Revision 7103559f49b46b3287973045f741c0679e3e9e44 authored by Sagar Vemuri on 21 June 2018, 18:02:49 UTC, committed by Facebook Github Bot on 21 June 2018, 18:13:08 UTC
Summary:
This PR extends the improvements in #3282 to also work when using Direct IO.
We see **4.5X performance improvement** in seekrandom benchmark doing long range scans, when using direct reads, on flash.

**Description:**
This change improves the performance of iterators doing long range scans (e.g. big/full index or table scans in MyRocks) by using readahead and prefetching additional data on each disk IO, and storing in a local buffer. This prefetching is automatically enabled on noticing more than 2 IOs for the same table file during iteration.
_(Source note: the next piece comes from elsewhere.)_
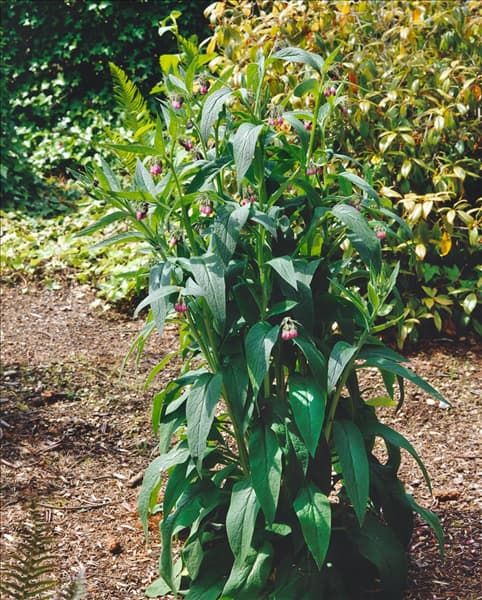 Symphytum officinale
The readahead size starts with 8KB and is exponentially increased on each additional sequential IO, up to a max of 256 KB. This helps in cutting down the number of IOs needed to complete the range scan.
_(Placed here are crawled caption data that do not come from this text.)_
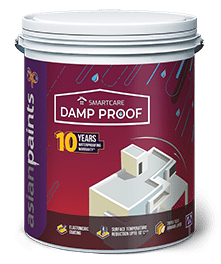 Asian Paints SmartCare Damp Proof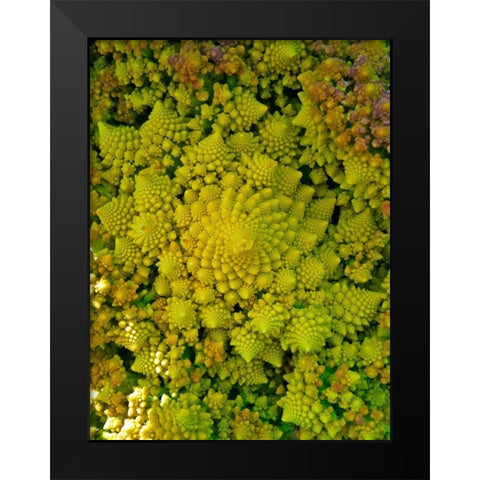 Natural Fractals II Black Modern Wood Framed Art Print by Grayscale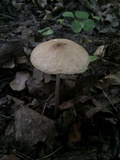 Xerula radicata image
**Implementation Details:**
- Used `FilePrefetchBuffer` as the underlying buffer to store the readahead data. `FilePrefetchBuffer` can now take file_reader, readahead_size and max_readahead_size as input to the constructor, and automatically do readahead.
- `FilePrefetchBuffer::TryReadFromCache` can now call `FilePrefetchBuffer::Prefetch` if readahead is enabled.
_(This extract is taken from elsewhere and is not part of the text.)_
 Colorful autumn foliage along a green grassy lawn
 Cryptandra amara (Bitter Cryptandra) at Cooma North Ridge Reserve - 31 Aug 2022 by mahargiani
- `AlignedBuffer` (which is the underlying store for `FilePrefetchBuffer`) now takes a few additional args in `AlignedBuffer::AllocateNewBuffer` to allow copying data from the old buffer.
- Made sure not to re-read partial chunks of data that were already available in the buffer, from device again.
- Fixed a couple of cases where `AlignedBuffer::cursize_` was not being properly kept up-to-date.

**Constraints:**
- Similar to #3282, this gets currently enabled only when ReadOptions.readahead_size = 0 (which is the default value).
- Since the prefetched data is stored in a temporary buffer allocated on heap, this could increase the memory usage if you have many iterators doing long range scans simultaneously.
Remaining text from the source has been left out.